SHELXE CC can be used as an excellent guide to correct MR solutions in most cases with a resolution of better than 2.5 Å (Thomas et al., 2015[Thomas, J. M. H., Keegan, R. M., Bibby, J., Winn, M. D., Mayans, O. & Rigden, D. J. (2015). IUCrJ, 2, 198-206.], 2020[Thomas, J. M. H., Keegan, R. M., Rigden, D. J. & Davies, O. R. (2020). Acta Cryst. D76, 272-284.]; Thorn & Sheldrick, 2013[Thorn, A. & Sheldrick, G. M. (2013). Acta Cryst. D69, 2251-2256.]). Encouragingly, 90% of those search models that were placed correctly according to our primary success criterion, a MapCC of at least 0.2, reported a SHELXE CC higher than 25%. The high proportion of successful rebuilds achieved by SHELXE reflects the ability of its autotracing algorithm to correctly build the the main chain of a target with great accuracy. However, as is well known (Thomas et al., 2015[Thomas, J. M. H., Keegan, R. M., Bibby, J., Winn, M. D., Mayans, O. & Rigden, D. J. (2015). IUCrJ, 2, 198-206.], 2020[Thomas, J. M. H., Keegan, R. M., Rigden, D. J. & Davies, O. R. (2020). Acta Cryst. D76, 272-284.]; Thorn & Sheldrick, 2013[Thorn, A. & Sheldrick, G. M. (2013). Acta Cryst. D69, 2251-2256.]), this metric loses accuracy in cases with poor resolution or for coiled-coil folds. In recognition of this fact, Caballero et al. (2018[Caballero, I., Sammito, M., Millán, C., Lebedev, A., Soler, N. & Usón, I. (2018). Acta Cryst. D74, 194-204.]) introduced an additional verification algorithm that validates the solution by the perturbation of the substructure that led to the solution and comparison of the figures of merit before and after this perturbation, but here, since the target structure is known, MapCC can be used to provide a definitive guide to correctness. In this regard, of the 71 structures that had SHELXE CC values above 25%, 12 were identified as MR failures when the MapCC was examined. The resolutions of these MR trials ranged between 1.67 and 3.2 Å, with an average of 2.2 Å. All corresponded to coiled-coil structures except for PDB entry 4rym, a transmembrane structure with a resolution of 2.8 Å.
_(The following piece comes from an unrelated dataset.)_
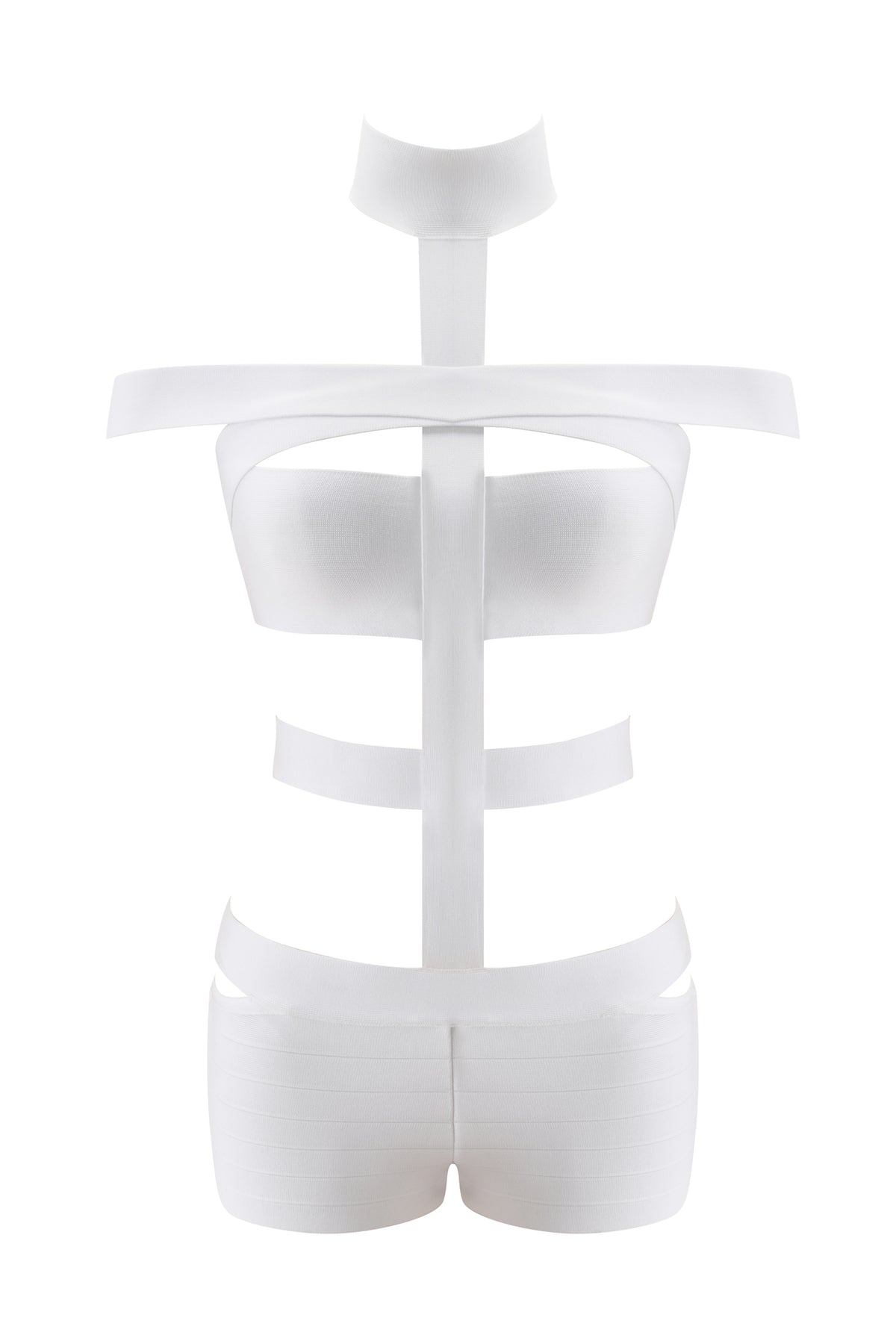 The QUINTA BANDAGE PLAYSUIT - WHITE by I.AM.GIA features wide elastic bands wrapping around the chest, waist, and neck in a striking bandage-style design, shown from the back against a white background.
In order to quantify the extent to which using the new ensembles extends the range of AMPLE solutions towards increasingly difficult cases, the eLLG for each of the solved structures was calculated using a 40-residue ideal helix as a search model: this eLLG can be used as an indicator of the overall difficulty of a case, with lower values indicating greater difficulty. A comparison of the distribution of eLLG values between different categories of success was then made (Fig. 4[link]). Although the numbers are relatively small, differing patterns in the eLLG values of the additional solutions achieved by the ensembles in each of the three fold classes were observed. Both transmembrane and coiled-coil structures that could only be solved by making use of the ensemble library have eLLGs within the bottom 25% of the base solutions obtained with ideal helices, an indication that using ensembles extends the range of solutions obtained using the AMPLE ideal helix mode towards increasingly difficult cases. Curiously, this pattern was not observed in the globular data set, where the structures that could only be solved using the members of the ensemble library present a high eLLG distribution, with most of them having eLLG values within the top 25% of the structures solved using the original set of ideal helices. Therefore, it appears that, in contrast to the other two fold types, rather than enabling AMPLE to solve increasingly difficult globular structures, using the new ensemble library yields solutions for those cases that could not be solved using ideal helices despite having relatively high eLLGs.

[Figure 4]
Figure 4
A box plot of the range of eLLGs for structures that could not be solved using either single model ideal helices or ensembles (orange), those that were solved using both single model ideal helices and ensembles (light turquoise), and those that could only be solved by AMPLE when using members of the new ensemble library as search models (dark turquoise). Box limits indicate upper and higher quartiles, whiskers indicate upper and lower bounds and the horizontal line in the middle of the box plot represents the median. Outliers are depicted as rhombi.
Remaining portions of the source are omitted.